Das heißt, die Firmen, die meist ein Callcenter mit den Werbeanrufen beauftragen, behaupten später, am Telefon sei ein Vertrag geschlossen worden, was dem Verbraucher allerdings gar nicht bewusst war. In der Untersuchung des Ministeriums betrafen 70 bis 80 Prozent der Beschwerden Gewinnspiel-Dienste. Bei diesen Diensten bietet eine Firma beispielsweise an, den Verbraucher bei diversen Gewinnspielen einzutragen. Daraus könnten sich "monatliche Zahlungspflichten in Höhe vierstelliger Beträge ergeben", heißt es in dem Eckpunkte-Papier.

Um solche Geschäftsmodelle zu erschweren, sollen diese Verträge künftig nicht mehr allein mündlich geschlossen werden dürfen. Allerdings beschränkt Leutheusser-Schnarrenberger das "Textformerfordernis" ausdrücklich auf Verträge über Gewinnspiel-Dienste. Bei allen anderen telefonisch angebahnten Vertragsverhältnissen würde eine Formvorschrift "über das Ziel hinausschießen", heißt es in dem Papier weiter. Im Ministerium fürchtet man, dass andernfalls auch seriöse Unternehmen vorsichtshalber dazu übergehen würden, bei jeder telefonischen Bestellung eine Bestätigung per Fax oder Mail zu verlangen, was Geschäfte unnötig verkomplizieren würde.

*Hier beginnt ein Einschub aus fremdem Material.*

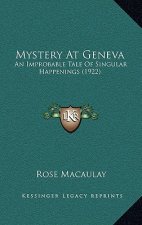 Mystery at Geneva: An Improbable Tale of Singular Happenings (1922)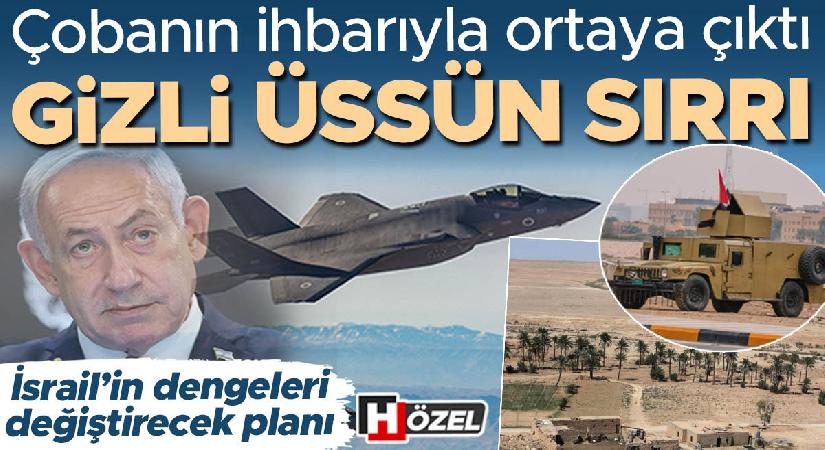 Çobanın ihbarıyla ortaya çıktı: Bilinmeyen üste ne saklanıyordu? İsrail’in bölgedeki istikrarları değiştirecek planı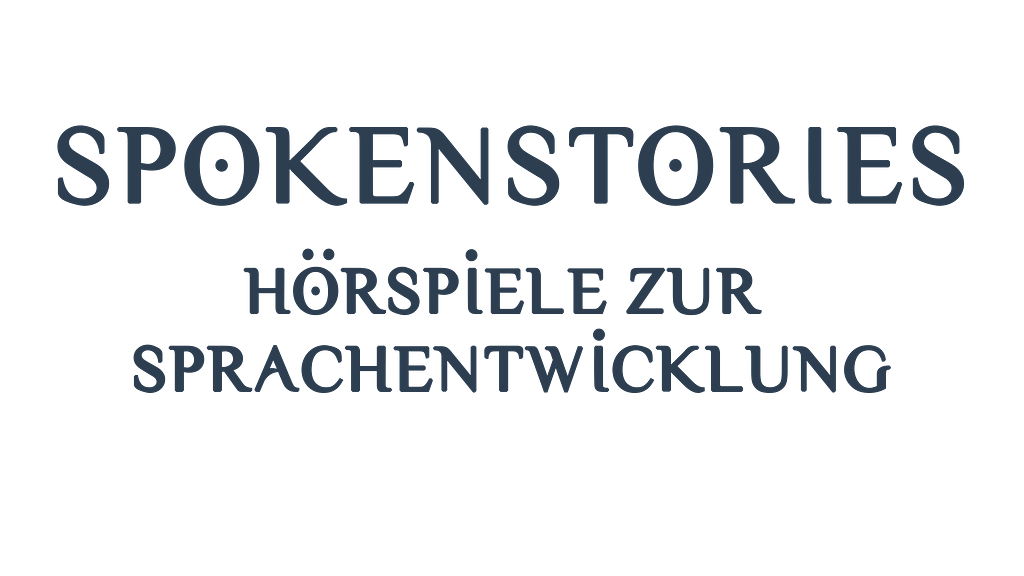 Hörspiele zur Sprachentwicklung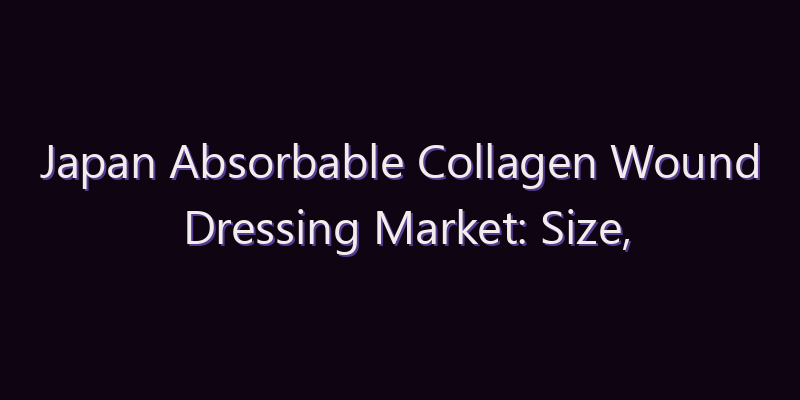 Japan Absorbable Collagen Wound Dressing Market: Size, Share, Scope & Forecast 2026–2034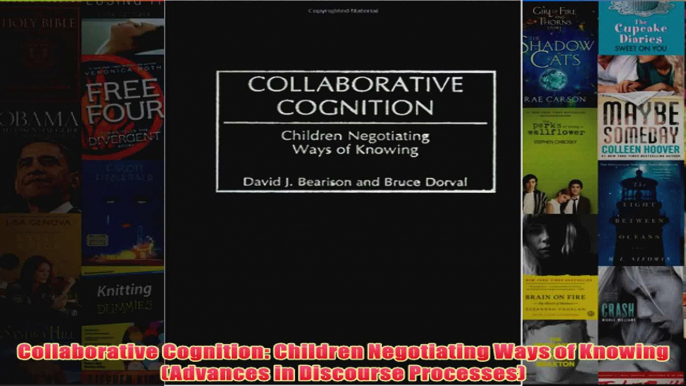 Collaborative Cognition Children Negotiating Ways of Knowing Advances in Discourse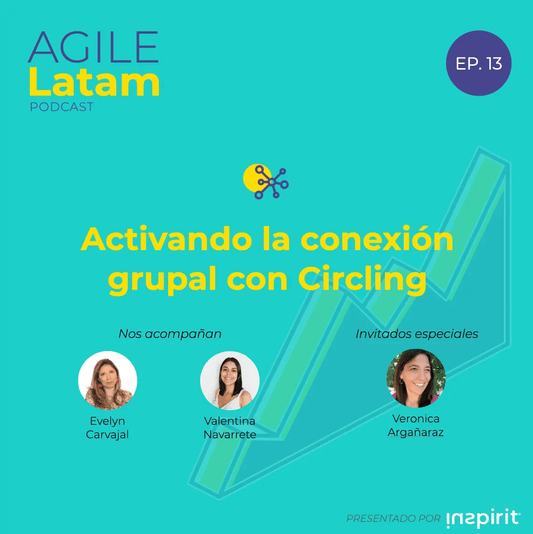 Podcast Activando Conexión grupal con Circling
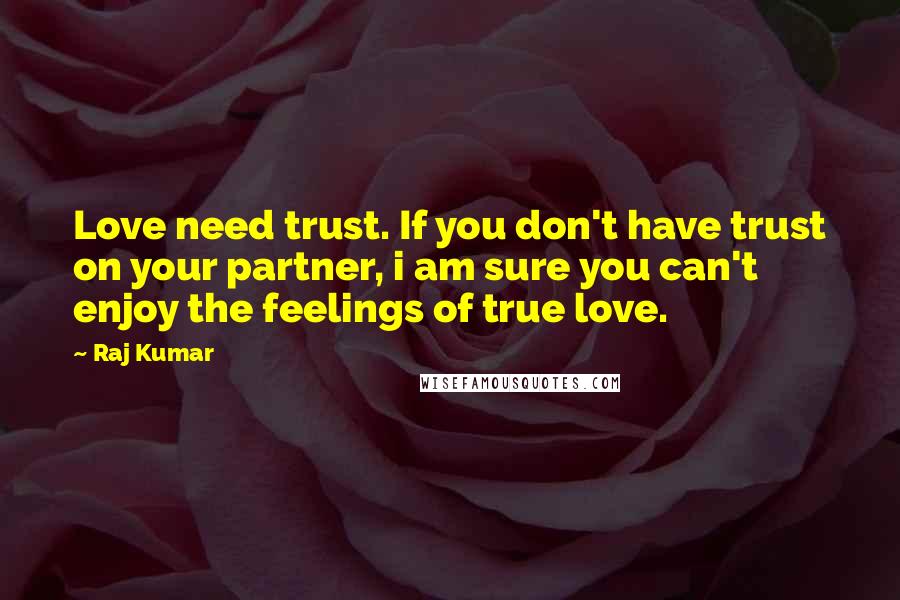 Raj Kumar Quotes: Love need trust. If you don't have trust on your partner, i am sure you can't enjoy the feelings of true love.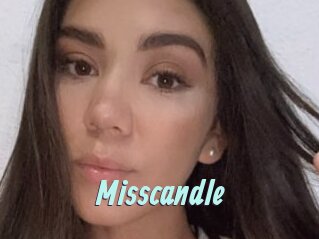 Misscandle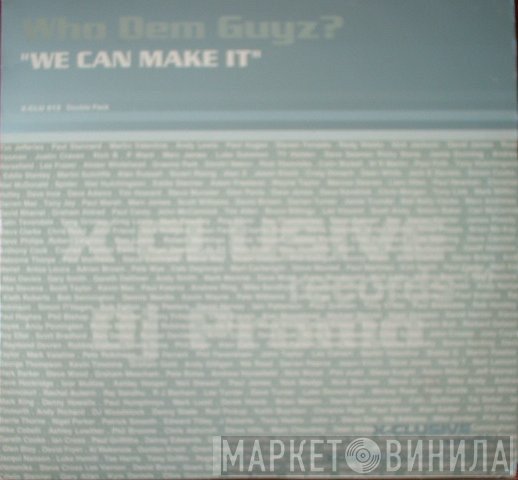 Who Dem Guyz? - We Can Make It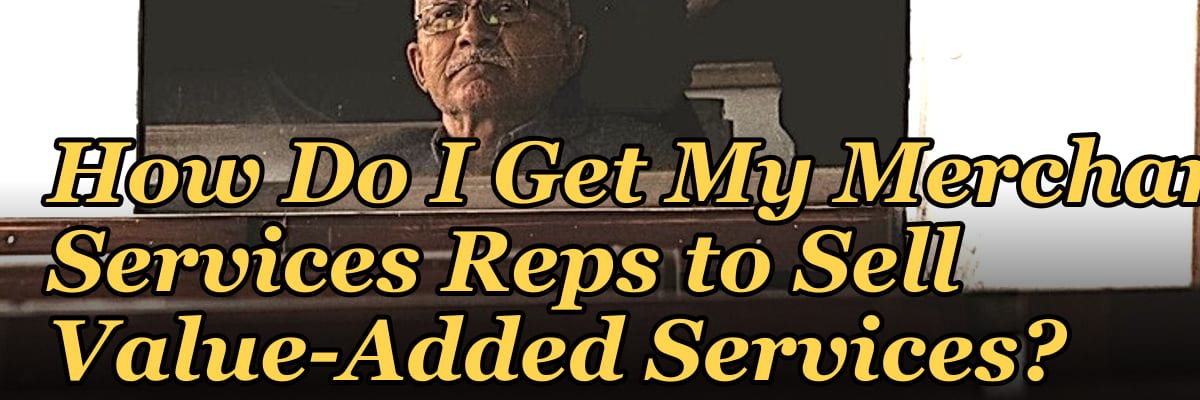 How Do I Get My Merchant Services Reps to Sell Value-Added Services?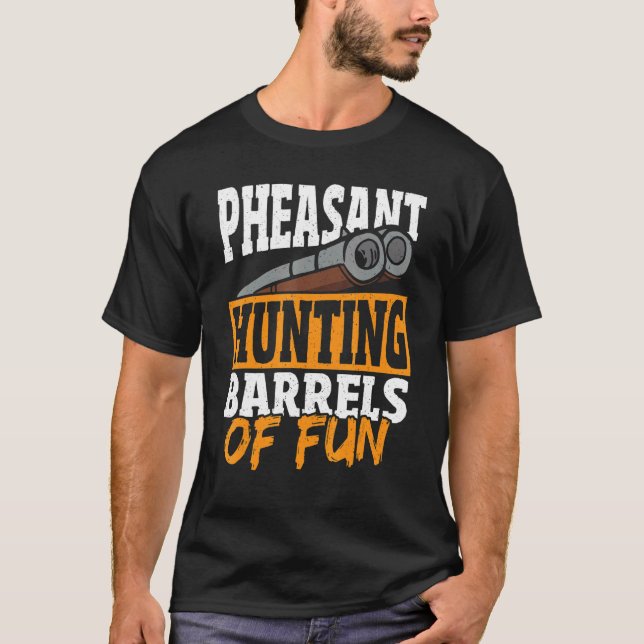 Camiseta Pheasant Hunting Barrels Of Fun Pheasant Hunter (Anverso)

"Die Justizministerin hat unsere Unterstützung"

Zudem will Leutheusser-Schnarrenberger das maximale Bußgeld auf 300.000 Euro versechsfachen. Damit greift sie eine Forderung der Bundesnetzagentur auf, die sich allerdings eine noch deutlichere Erhöhung auf 500.000 Euro gewünscht hatte. Grund ist: Die Behörde hat festgestellt, dass die von ihr verhängten Bußgelder von Gerichten häufig im Nachhinein drastisch gekürzt werden.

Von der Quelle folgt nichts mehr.